Grace became close companions, although he vowed he had

neither time nor inclination to marry. His heart attack last

year so frightened and weakened him, he'd made it clear that

although Lydia would inherit the business, he was grooming

Craven to run it.

She'd surprised him by expressing a desire to learn more

about the business and win the respect of the company's

American executives. She suggested that John accompany

them on the trip, since he could explain his designs better

than Craven. Beaumont Company wanted his designs, and

John wanted to be sure that he wanted to divulged those

secrets to the company. The matter would be discussed and

any agreements drawn up in a legal contract.

"You may have a business head on you after all," her father

said at her suggestion about John. He'd meant that as praise,

so she smiled and thanked him.

Although he and others often complimented her on having

inherited her mother's beauty, Lydia thought her looks

paled in comparison with her mother's loveliness and grace.

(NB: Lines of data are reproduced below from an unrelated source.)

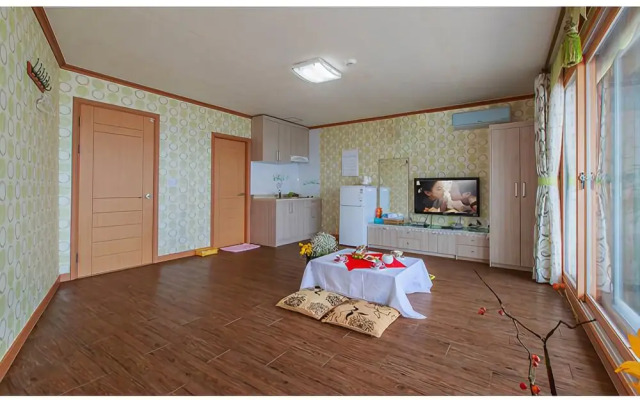 Yangyang Seaglow Rainbow Pension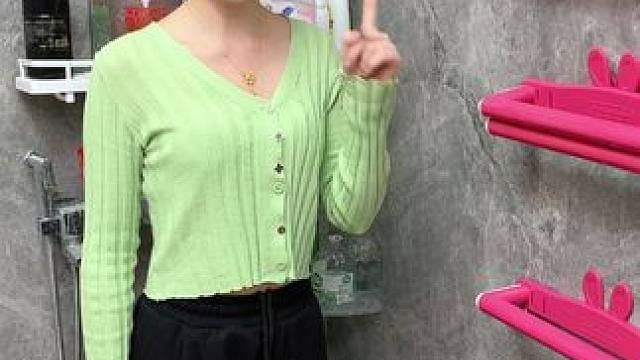 #可伸缩拖鞋架   凉鞋拖鞋用它收纳不占空间，还能当个#可伸缩毛巾架  使用，卫生间干净整洁多了#免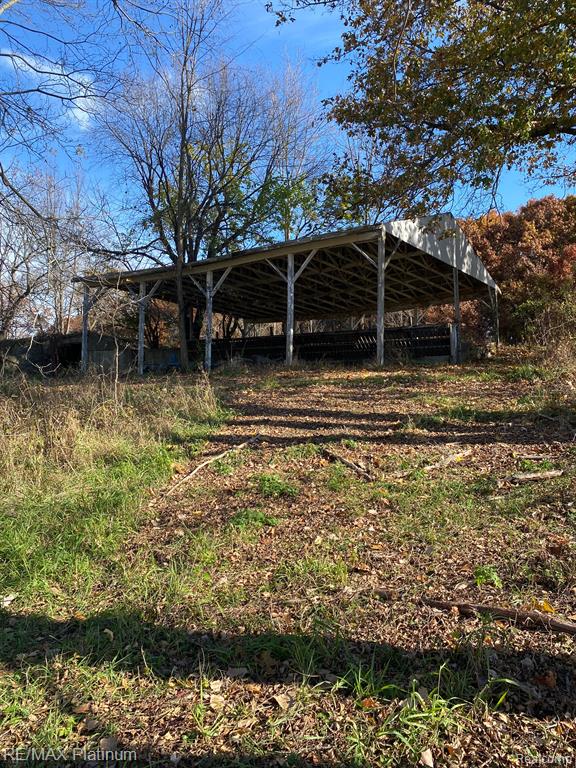 1215 S Bull Run Road, Fowlerville, MI 48836 — Photo 69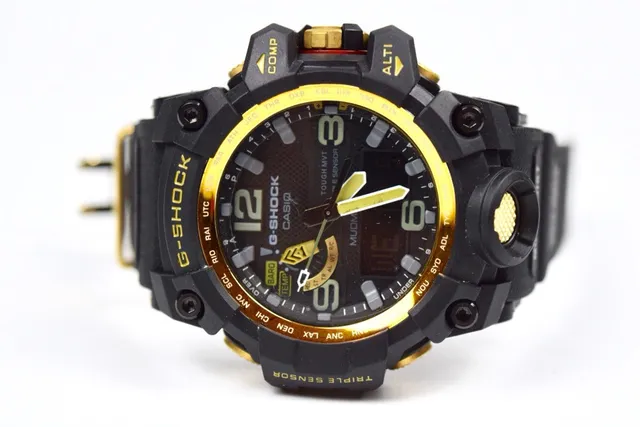 Casio G-Shock Mudmaster काला और सोना स्पोर्ट्स वॉच 2
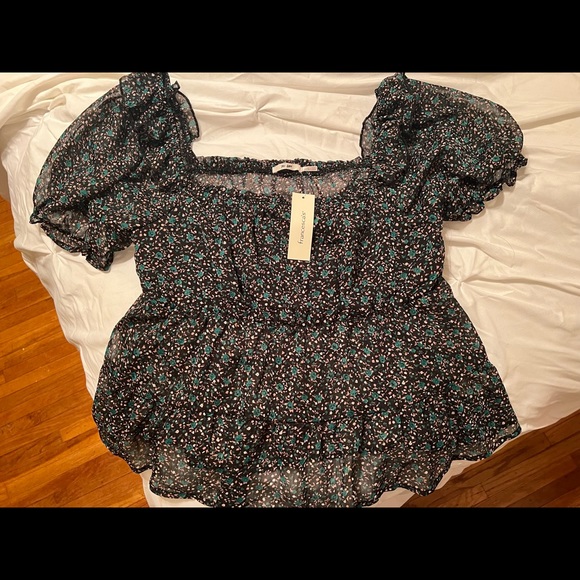 NEW-floral blouse, size Large - Picture 2 of 3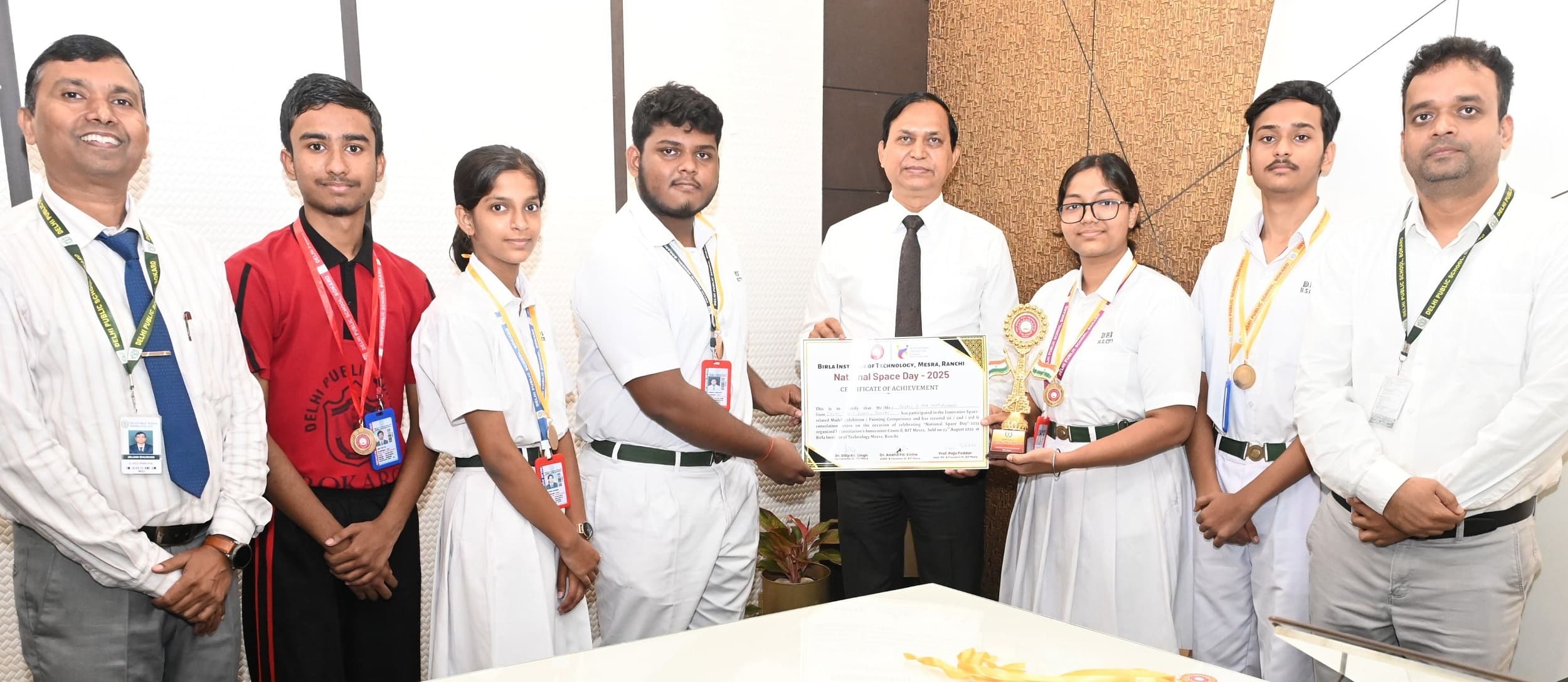 Bokaro News : डीपीएस के विद्यार्थियों ने राज्यस्तरीय प्रतियोगिता में जीता प्रथम पुरस्कार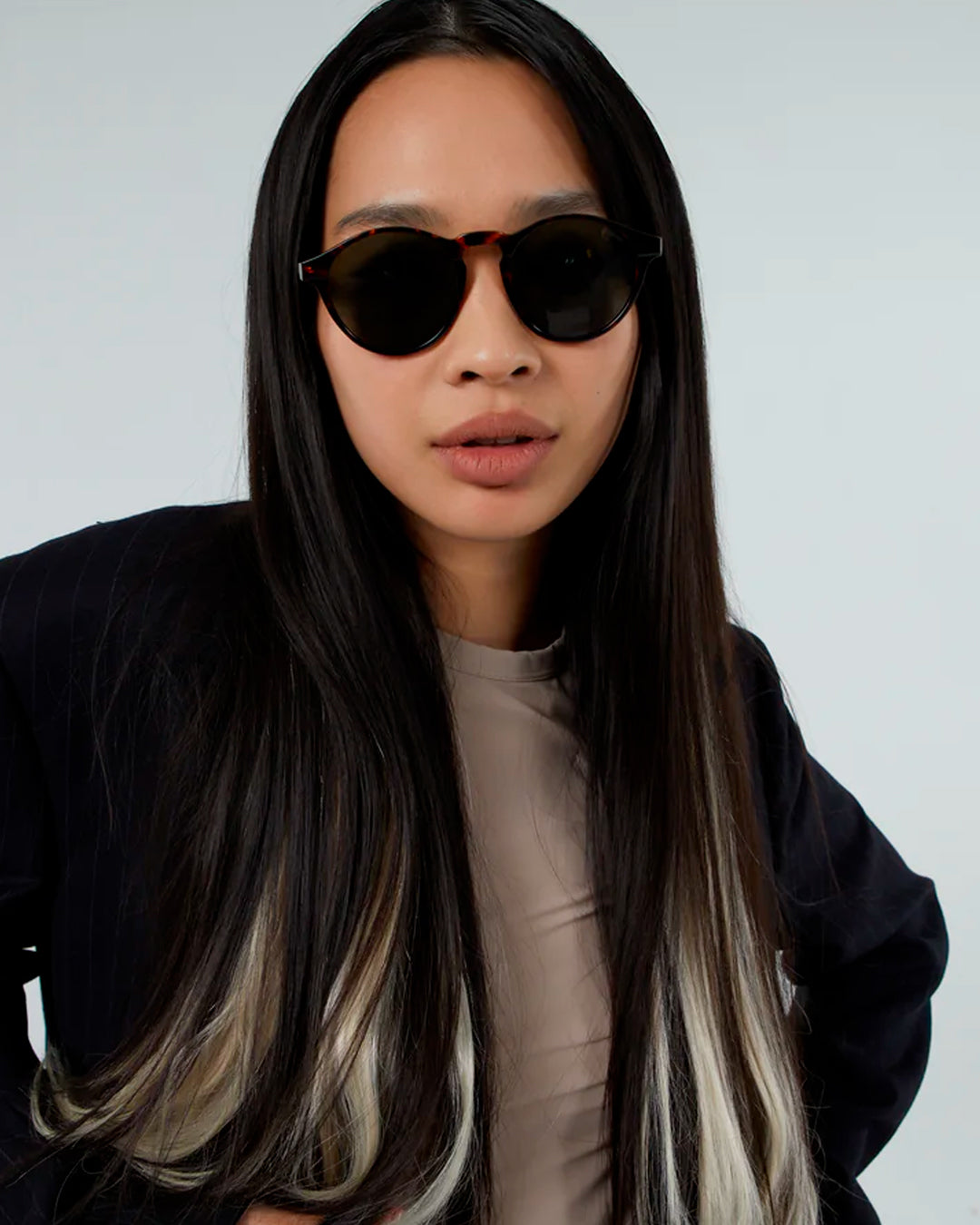 The Devon is one of Komonos' most popular styles. It has rounded shape with a slight cats eye and the Tortoise has a combination of tortoiseshell frame and solid grey lenses.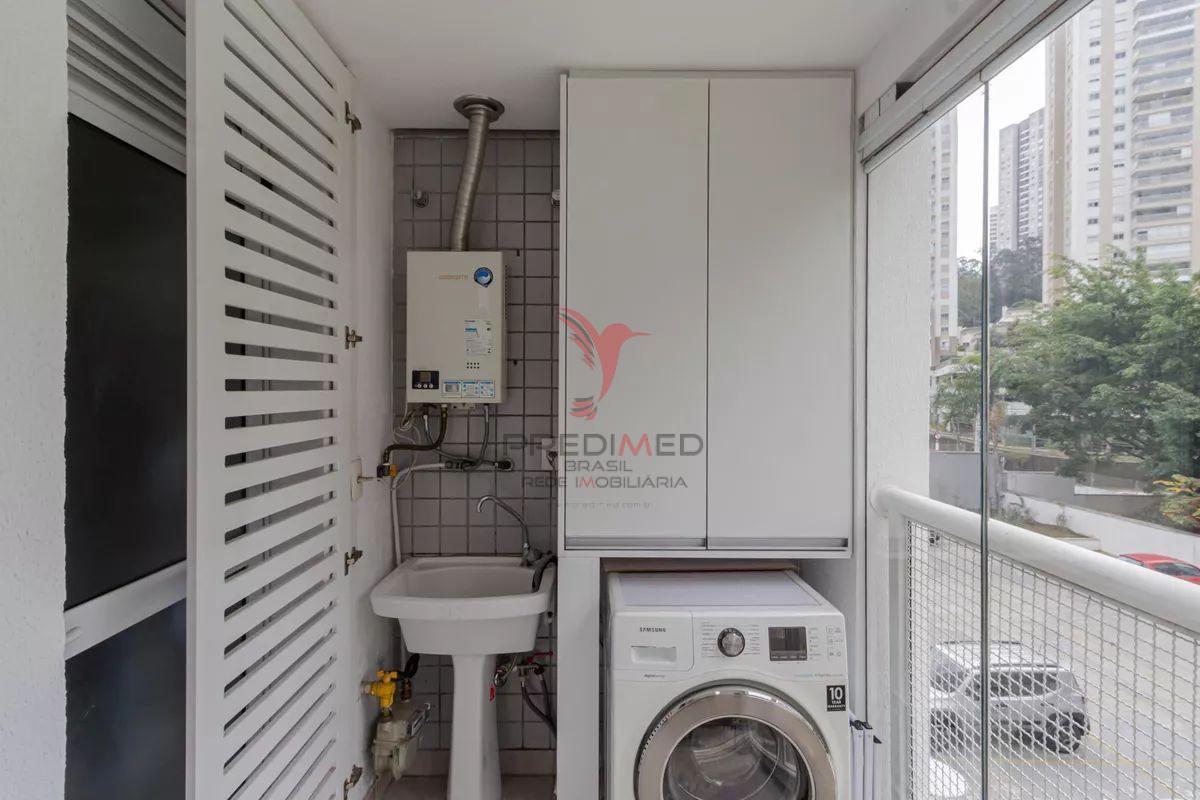 VENDO AP. REFORMADO, MOBILIADO, COM 1 SUITE E, 1 VAGA DE GARAGEM NO MORUMBI Rua Nelson Gama de Oliveira São Paulo -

She'd inherited her father's ambition and strong-mindedness

rather than her mother's submissive attitudes, but he never

acknowledged this. He did, however, occasionally admonish

her to behave in a more ladylike fashion.

Her father and Craven cultivated identical goals. One was

ensuring that Beaumont Railroad Company continued to be

number one in the world. Two was that Lydia become Mrs.

Craven Dowd. And in that order.

At one time she'd felt that marriage to Craven was her destiny.

Her friends proclaimed it her good fortune. To be honest,

however, rather than sitting in the plush coach of a noisy,

smelly, smoke-puffing Beaumont train, she preferred flipping

a switch, watching a little Ancell toy train huff and puff, its

wheels turn, and its engine chug-chug along, as she laughed

delightedly with John.

Hearing footsteps, Lydia took a deep breath. The cold air

in her throat made her feel as though she'd swallowed too

large a bite of the French ice cream served at dinner.

Before feeling his touch on her exposed wrist, she knew

this wasn't John, but Craven. Like many women, she liked

the aroma of his after-dinner cigars, offset by a slight fragrance

of cologne. But she preferred John's light, fresh, faintly musky



Turning her head, she glanced at him. "Where's John?"

Craven's deep breath didn't seem to affect his throat.

Likely, it was heated, as his face had been when she told him

she couldn't see him anymore. "He's sitting at the table." His

eyebrows lifted. "Writing."

"That's what poets do." She glanced beyond his shoulder,

hoping John would appear.

"Lydia, there's something I want to make clear."

Facing the ocean that reflected the star-spangled night, she

was reminded of the spark in Craven's eyes earlier, when he'd

kissed the back of her hand and said she looked lovely. John

had smiled, as if he agreed.

She'd requested they not sit with other passengers this

night, but at a smaller, more intimate table. She'd planned to

tell John after Craven left. But then she'd experienced that

queasiness. She felt it now.

"I want you to know," Craven said. "I understand why you

wanted to take this trip."

He couldn't.

He mustn't. John would be ruined and in the process they

both would face a worse fate than if she'd stayed in London.